++++ DATA RECORDS

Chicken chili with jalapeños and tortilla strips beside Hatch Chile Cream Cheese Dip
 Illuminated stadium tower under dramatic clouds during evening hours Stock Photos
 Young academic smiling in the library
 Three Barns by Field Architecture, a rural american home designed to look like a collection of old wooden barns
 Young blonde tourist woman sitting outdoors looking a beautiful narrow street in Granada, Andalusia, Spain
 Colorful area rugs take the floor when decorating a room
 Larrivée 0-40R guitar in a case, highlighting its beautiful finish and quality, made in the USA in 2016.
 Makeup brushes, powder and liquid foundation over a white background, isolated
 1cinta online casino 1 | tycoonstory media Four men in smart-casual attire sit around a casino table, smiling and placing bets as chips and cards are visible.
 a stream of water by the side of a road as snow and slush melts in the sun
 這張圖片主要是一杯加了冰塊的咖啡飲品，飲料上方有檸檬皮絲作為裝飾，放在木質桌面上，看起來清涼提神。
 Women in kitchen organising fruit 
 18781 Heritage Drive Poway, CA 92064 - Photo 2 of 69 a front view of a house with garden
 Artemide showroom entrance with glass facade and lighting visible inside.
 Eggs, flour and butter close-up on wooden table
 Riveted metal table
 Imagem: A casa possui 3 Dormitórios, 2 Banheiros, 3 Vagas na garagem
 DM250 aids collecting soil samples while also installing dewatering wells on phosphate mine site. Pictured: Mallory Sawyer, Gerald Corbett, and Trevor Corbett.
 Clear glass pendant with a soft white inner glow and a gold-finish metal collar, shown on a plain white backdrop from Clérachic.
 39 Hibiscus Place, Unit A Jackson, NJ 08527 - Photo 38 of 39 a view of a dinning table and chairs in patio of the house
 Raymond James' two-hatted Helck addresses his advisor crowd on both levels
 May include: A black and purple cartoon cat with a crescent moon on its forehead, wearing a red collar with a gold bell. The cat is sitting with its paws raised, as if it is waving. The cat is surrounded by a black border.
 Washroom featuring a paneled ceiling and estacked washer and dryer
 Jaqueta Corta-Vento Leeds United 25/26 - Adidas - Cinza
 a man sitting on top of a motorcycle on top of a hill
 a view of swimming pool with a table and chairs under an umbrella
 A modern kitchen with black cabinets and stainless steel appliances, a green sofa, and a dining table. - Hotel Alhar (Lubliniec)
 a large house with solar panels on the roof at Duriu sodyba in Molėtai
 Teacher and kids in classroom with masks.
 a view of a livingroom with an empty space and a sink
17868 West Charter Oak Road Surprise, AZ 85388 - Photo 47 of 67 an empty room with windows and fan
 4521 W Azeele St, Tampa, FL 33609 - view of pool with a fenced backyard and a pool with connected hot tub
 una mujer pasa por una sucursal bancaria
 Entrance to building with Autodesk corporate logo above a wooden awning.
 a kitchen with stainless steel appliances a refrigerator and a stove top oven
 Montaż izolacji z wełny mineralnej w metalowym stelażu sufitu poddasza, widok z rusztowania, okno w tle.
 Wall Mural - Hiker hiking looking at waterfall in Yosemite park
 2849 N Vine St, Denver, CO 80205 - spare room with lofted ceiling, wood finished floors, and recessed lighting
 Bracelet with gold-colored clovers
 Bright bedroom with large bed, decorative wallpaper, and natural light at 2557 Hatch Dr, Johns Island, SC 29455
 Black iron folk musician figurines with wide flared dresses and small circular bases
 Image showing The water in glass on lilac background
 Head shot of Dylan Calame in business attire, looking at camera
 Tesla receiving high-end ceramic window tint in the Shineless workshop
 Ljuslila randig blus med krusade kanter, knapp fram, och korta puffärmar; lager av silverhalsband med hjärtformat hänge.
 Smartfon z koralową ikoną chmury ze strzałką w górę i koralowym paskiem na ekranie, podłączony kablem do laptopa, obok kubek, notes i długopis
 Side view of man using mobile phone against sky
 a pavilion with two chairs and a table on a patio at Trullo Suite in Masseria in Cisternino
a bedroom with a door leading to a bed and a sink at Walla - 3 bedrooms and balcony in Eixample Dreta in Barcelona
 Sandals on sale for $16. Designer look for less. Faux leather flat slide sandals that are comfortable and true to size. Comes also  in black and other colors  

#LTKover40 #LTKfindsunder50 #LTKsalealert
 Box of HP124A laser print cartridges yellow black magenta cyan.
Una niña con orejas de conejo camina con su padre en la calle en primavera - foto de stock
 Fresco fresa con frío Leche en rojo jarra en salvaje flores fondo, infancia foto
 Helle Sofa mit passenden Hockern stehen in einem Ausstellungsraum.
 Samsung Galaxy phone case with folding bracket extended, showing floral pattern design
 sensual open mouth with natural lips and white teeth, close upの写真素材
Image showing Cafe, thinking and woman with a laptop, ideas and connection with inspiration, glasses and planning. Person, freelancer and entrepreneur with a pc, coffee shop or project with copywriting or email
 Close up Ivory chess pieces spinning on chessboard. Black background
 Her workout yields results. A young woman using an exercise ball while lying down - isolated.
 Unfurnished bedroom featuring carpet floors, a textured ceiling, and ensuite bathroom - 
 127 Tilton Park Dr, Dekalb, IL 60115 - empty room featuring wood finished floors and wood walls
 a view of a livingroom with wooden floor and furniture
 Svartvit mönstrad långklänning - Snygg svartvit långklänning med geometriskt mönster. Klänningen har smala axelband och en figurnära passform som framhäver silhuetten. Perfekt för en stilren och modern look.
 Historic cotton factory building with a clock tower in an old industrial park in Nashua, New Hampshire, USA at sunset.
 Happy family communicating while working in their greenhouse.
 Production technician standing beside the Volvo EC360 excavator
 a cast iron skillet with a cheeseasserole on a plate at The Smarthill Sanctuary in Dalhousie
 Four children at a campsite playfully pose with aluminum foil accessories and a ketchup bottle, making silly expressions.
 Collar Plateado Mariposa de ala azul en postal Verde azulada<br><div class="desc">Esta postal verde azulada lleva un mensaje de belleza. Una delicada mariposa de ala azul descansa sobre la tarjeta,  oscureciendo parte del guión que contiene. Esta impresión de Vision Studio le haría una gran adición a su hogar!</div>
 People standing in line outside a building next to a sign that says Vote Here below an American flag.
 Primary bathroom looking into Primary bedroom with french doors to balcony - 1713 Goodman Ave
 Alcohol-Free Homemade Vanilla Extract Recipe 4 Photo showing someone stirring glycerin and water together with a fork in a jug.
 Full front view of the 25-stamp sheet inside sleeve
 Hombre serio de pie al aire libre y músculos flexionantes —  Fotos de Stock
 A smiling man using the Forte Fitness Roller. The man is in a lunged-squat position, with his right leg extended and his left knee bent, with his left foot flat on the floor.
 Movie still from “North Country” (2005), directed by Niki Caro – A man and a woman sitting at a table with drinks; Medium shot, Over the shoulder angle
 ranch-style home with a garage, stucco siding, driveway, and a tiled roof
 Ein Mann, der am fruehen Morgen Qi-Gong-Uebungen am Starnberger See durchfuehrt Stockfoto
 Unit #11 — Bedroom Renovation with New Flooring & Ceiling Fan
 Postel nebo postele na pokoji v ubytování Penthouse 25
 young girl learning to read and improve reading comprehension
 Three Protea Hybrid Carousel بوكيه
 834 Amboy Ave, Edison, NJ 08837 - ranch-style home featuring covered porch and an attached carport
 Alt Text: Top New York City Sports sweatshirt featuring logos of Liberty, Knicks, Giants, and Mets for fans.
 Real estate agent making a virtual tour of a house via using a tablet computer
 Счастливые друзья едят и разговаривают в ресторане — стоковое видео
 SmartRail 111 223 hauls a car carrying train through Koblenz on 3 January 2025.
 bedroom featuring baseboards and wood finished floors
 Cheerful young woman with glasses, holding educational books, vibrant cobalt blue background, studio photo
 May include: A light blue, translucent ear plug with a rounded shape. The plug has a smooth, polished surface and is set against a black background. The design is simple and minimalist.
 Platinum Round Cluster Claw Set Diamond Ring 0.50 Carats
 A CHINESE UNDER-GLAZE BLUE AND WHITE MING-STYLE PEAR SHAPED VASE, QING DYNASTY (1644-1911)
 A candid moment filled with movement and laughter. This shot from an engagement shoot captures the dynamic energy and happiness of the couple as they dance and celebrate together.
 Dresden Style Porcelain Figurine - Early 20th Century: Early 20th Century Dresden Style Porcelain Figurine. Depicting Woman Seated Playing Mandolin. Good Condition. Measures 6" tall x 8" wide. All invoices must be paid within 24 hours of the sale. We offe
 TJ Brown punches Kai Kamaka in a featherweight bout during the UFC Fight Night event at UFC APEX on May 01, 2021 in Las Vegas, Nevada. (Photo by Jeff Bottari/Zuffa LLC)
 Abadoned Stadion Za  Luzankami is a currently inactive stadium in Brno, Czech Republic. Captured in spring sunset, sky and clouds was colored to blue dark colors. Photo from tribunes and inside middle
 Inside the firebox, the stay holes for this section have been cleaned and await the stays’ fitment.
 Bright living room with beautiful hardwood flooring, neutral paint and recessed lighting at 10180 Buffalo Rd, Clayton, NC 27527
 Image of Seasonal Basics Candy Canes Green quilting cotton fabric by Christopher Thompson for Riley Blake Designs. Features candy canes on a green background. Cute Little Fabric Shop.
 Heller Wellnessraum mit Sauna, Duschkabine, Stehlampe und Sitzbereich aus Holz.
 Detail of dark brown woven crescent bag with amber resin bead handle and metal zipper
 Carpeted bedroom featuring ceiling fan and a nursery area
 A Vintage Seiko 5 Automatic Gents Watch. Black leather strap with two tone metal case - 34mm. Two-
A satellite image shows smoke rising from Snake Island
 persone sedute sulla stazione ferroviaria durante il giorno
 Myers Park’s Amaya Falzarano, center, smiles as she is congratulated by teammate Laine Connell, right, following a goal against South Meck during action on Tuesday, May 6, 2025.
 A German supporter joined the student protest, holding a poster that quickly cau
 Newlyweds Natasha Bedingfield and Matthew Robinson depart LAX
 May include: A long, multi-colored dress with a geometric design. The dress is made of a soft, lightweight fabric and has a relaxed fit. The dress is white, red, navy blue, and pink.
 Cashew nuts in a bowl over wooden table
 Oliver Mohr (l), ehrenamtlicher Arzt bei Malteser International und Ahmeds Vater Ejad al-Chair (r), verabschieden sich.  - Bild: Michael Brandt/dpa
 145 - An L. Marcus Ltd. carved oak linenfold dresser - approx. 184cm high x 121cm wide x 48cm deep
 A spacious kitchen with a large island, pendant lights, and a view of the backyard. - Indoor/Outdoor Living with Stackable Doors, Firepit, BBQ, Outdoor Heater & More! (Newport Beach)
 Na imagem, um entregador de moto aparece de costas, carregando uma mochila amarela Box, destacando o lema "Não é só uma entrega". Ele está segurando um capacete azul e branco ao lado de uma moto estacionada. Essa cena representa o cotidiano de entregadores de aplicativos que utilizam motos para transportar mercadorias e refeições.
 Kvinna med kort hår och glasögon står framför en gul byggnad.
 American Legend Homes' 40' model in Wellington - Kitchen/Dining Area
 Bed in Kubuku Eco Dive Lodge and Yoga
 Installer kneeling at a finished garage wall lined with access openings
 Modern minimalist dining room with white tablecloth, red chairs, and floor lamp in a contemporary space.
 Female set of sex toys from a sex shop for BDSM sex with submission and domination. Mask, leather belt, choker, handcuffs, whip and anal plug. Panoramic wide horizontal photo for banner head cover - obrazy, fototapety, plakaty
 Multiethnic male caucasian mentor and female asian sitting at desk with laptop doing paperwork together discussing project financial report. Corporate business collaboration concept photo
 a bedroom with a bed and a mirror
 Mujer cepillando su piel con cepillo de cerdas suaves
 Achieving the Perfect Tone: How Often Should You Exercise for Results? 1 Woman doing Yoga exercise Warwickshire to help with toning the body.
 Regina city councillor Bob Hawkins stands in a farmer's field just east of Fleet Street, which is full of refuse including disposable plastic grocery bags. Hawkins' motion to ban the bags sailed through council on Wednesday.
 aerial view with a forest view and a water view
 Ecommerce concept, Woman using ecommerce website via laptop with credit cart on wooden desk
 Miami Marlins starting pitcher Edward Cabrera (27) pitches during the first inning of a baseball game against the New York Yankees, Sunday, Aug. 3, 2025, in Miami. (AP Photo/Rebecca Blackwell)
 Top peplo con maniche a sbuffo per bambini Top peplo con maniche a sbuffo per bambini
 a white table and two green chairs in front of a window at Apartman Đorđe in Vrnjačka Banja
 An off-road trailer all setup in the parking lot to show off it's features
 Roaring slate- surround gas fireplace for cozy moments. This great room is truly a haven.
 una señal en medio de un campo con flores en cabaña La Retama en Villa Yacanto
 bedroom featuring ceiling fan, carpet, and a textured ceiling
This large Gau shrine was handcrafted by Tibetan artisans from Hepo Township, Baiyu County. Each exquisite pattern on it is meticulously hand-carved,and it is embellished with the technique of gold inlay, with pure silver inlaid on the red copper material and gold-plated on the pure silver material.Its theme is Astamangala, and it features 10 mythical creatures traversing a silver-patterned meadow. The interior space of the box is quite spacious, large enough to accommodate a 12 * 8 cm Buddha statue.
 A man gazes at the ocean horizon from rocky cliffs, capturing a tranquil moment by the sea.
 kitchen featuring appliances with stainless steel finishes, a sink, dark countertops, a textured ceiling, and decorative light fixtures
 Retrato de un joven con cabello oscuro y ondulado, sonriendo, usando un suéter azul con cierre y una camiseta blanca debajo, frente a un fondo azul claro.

++++++++

Write out exactly the lines from the start of the material through the line with "Makeup brushes, powder". No other output is expected.

» **FINAL ANSWER**
Chicken chili with jalapeños and tortilla strips beside Hatch Chile Cream Cheese Dip
 Illuminated stadium tower under dramatic clouds during evening hours Stock Photos
 Young academic smiling in the library
 Three Barns by Field Architecture, a rural american home designed to look like a collection of old wooden barns
 Young blonde tourist woman sitting outdoors looking a beautiful narrow street in Granada, Andalusia, Spain
 Colorful area rugs take the floor when decorating a room
 Larrivée 0-40R guitar in a case, highlighting its beautiful finish and quality, made in the USA in 2016.
 Makeup brushes, powder and liquid foundation over a white background, isolated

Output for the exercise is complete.